Material for the task below:

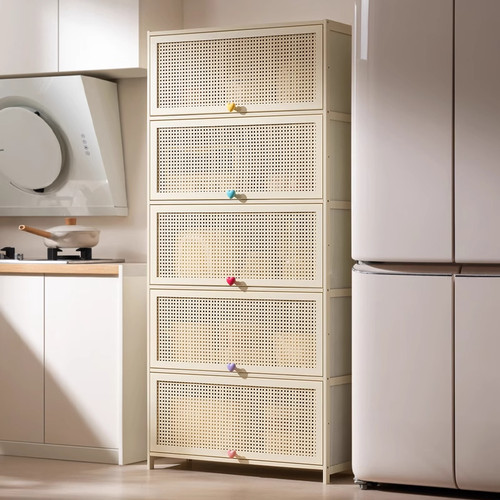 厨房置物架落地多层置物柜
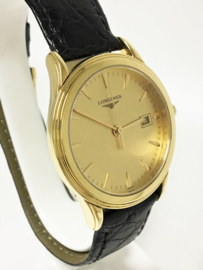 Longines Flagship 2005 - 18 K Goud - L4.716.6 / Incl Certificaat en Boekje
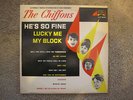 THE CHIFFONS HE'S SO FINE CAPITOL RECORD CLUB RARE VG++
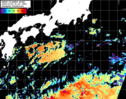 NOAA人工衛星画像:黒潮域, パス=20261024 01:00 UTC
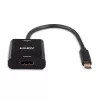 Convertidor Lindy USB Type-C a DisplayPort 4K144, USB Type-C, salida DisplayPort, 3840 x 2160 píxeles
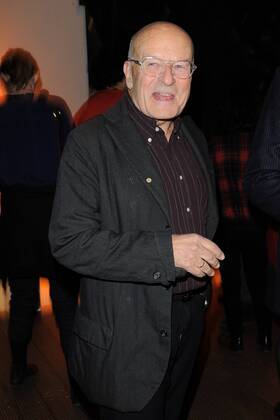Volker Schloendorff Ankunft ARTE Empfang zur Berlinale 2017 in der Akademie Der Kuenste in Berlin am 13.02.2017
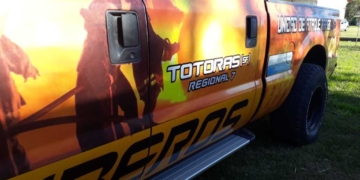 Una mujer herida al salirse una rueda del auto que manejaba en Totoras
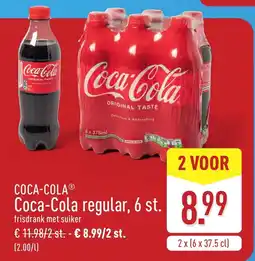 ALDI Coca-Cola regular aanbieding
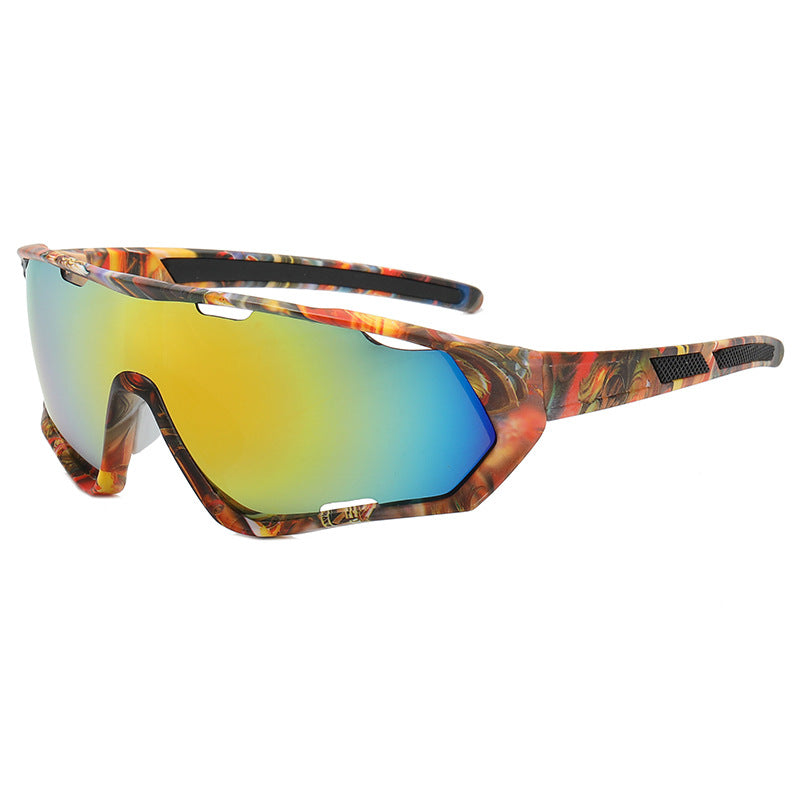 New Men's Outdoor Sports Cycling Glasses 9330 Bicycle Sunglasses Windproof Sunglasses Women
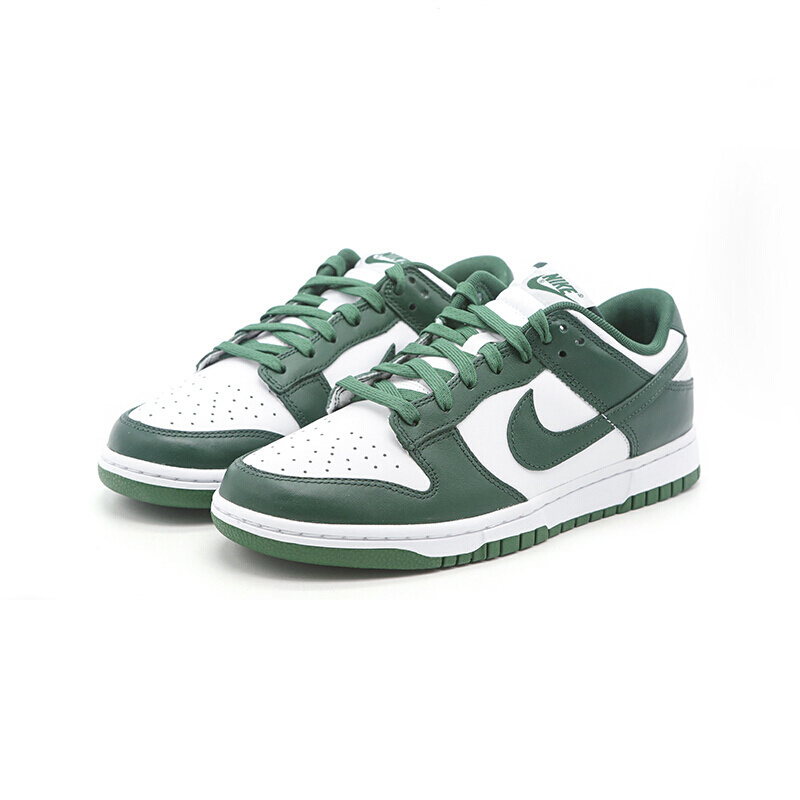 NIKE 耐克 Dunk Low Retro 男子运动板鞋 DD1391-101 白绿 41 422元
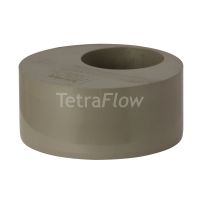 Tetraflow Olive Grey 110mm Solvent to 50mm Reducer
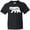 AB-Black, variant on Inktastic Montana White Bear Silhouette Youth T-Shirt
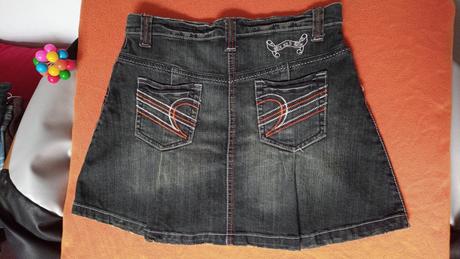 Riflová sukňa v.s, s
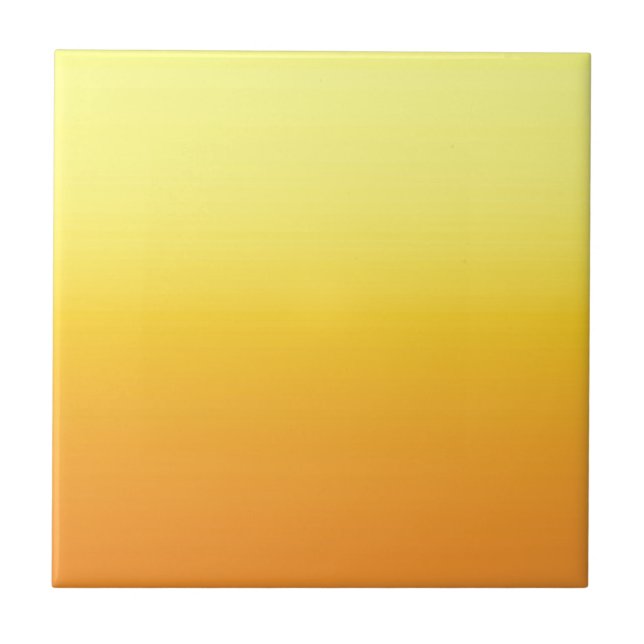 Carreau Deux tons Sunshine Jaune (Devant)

End of Material for the task.
Material for the task below:

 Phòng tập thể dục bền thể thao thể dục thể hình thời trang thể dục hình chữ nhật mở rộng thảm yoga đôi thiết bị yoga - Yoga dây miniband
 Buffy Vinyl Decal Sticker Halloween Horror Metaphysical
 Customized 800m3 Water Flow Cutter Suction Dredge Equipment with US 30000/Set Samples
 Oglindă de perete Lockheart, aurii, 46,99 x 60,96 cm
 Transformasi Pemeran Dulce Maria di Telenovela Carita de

End of Material for the task.

Work instructions: Above are records with pictures. Reproduce exactly only the lines from the line with "Tetraflow Olive Grey" through the line with "Carreau Deux tons Sunshine Jaune (Devant)", both ends included, and leave the pictures out.

Result below:
 Tetraflow Olive Grey 110mm Solvent to 50mm Reducer
 AB-Black, variant on Inktastic Montana White Bear Silhouette Youth T-Shirt
 Riflová sukňa v.s, s
 Carreau Deux tons Sunshine Jaune (Devant)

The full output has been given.